> **Exercise brief**
Give the data again exactly as it appears, excluding any pictures.

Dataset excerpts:
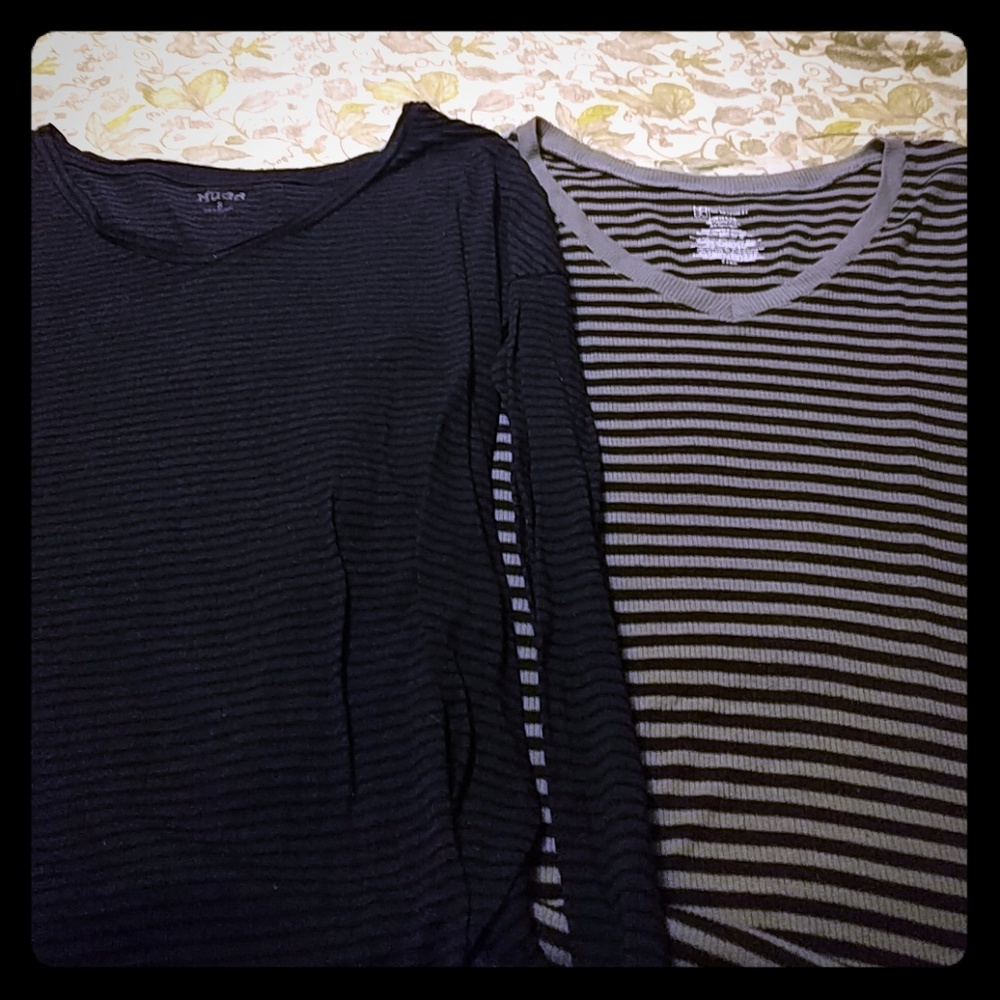 Lot of Two long sleeve stripe shirts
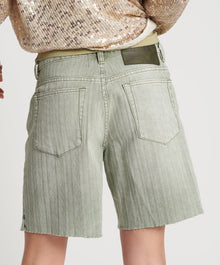 Jacksons Mid Waist Wide Leg Denim Shorts | Khaki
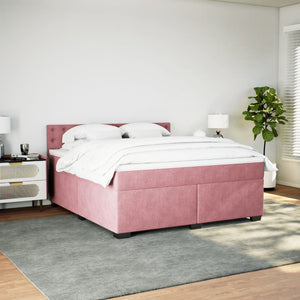 Κρεβάτι Boxspring με Στρώμα Ροζ 180x200 εκ. Βελούδινο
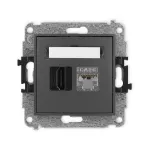 MINI Mechanizm gniazda pojedynczego HDMI 2.0, 4K + gniazda komp. poj. 1xRJ45, kat. 6, ekranowany, 8-stykowy grafitowy mat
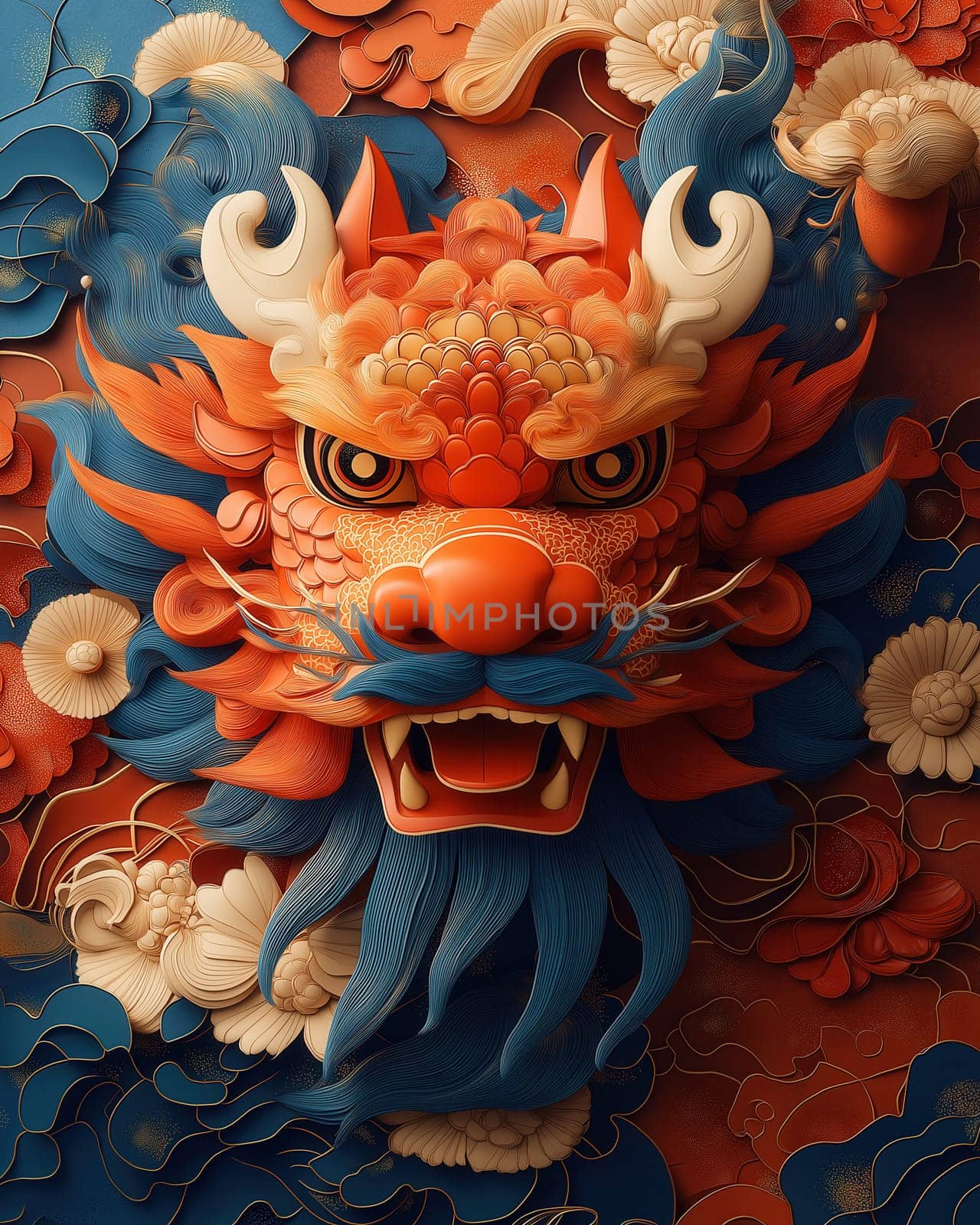 Illustration of a Chinese dragon, a symbol of the new year. Selective focus.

> **Written answer**
 Lot of Two long sleeve stripe shirts
 Jacksons Mid Waist Wide Leg Denim Shorts | Khaki
 Κρεβάτι Boxspring με Στρώμα Ροζ 180x200 εκ. Βελούδινο
 MINI Mechanizm gniazda pojedynczego HDMI 2.0, 4K + gniazda komp. poj. 1xRJ45, kat. 6, ekranowany, 8-stykowy grafitowy mat
 Illustration of a Chinese dragon, a symbol of the new year. Selective focus.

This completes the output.